Innistrad: Midnight Hunt Mechanics

 I'm very excited for the new set: Innistrad: Midnight Hunt. Along with the next set after it comes out, Crimson Vow, this will be a return to Magic's Gothic Horror plane, and a setting I was very excited to hear about when it first came out and on the return in the two-part Shadows over Innistrad block, but these came out during a time when I was not playing Magic, and so I never actually got to play with its mechanics.

Since cracking a Royal Assassin in my first Revised Edition 60-card pack, I've found myself often drawn to the darker side of fantasy, and so Innistrad seems very much up my alley. Primarily built initially as a top-down set around horror tropes, it has always had a light tribal theme with two-color tribes of zombies, spirits, werewolves, vampires, and humans.

With the archangel Avacyn, whose role it was to counterbalance all of the human-killing monsters on the plane, now gone after her descent into madness thanks to Emrakul, humans in Innistrad are turning to older, more druidic folk magic. But Emrakul's presence within Innistrad's moon has caused a big problem - the days are getting shorter while the nights are getting longer, all on a plane where monsters get a lot more powerful at night.

That day/night cycle has always been implied on Innistrad, and is most commonly reflected on werewolf cards. If a player goes for their own turn without casting a spell, werewolves will transform into their scarier, wolf form. However, if a player then casts two spells on their own turn, the werewolves turn back into their human forms.

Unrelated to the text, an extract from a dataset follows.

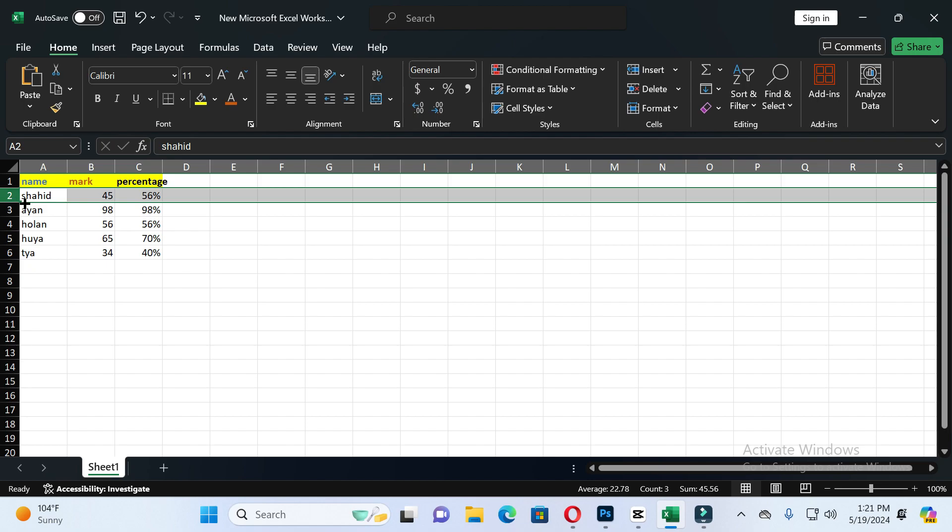In this way you can delete any row in Excel. So guys, if this video is helpful for you, please like and subscribe to our channel. Thanks for watching.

That concept is being expanded with a new keyword, which is Daybound and Nightbound. It works the same, but keywords this ability so that werewolves can now simply have "daybound" on their human side, and "nightbound" on their transformed side. However, this mechanic is no longer bound to only werewolves, so there will be other cards that make use of this concept, as well as a special card similar to the Forgotten Realms dungeons to help keep track of it.

To represent humanity trying to combine their strengths to stand against the monsters, Coven is a new ability word. This is a modifier that will either allow certain abilities or buff spells and such, as long as you have three creatures with different powers.

Disturb, then, is a bit like Flashback but for permanents. For instance, a creature can be cast as normal, but then if it dies, you can pay its Disturb cost to return it to play, but transformed. This seems likely to work mostly with spirit creatures, where you'll have a human character who dies and then comes back as a spirit.

Finally, Decayed seems to be a keyword that only shows up on zombies (and maybe even specifically zombie tokens.) It's a drawback, where the creature cannot block, and then once you attack with it, you sacrifice it at the end of combat. I think the intention here is to let you summon a pretty enormous host of zombies, but you won't be able to keep growing it if you use them. So you either need one big push, or you can use them as sacrificial fodder for other spells and abilities.

Anyway, I'm looking forward to this set a whole lot. I've already pre-ordered the 50-pack set on Arena. I really want to make a werewolf tribal deck, and if there's any set where that would be viable, it'll be this one.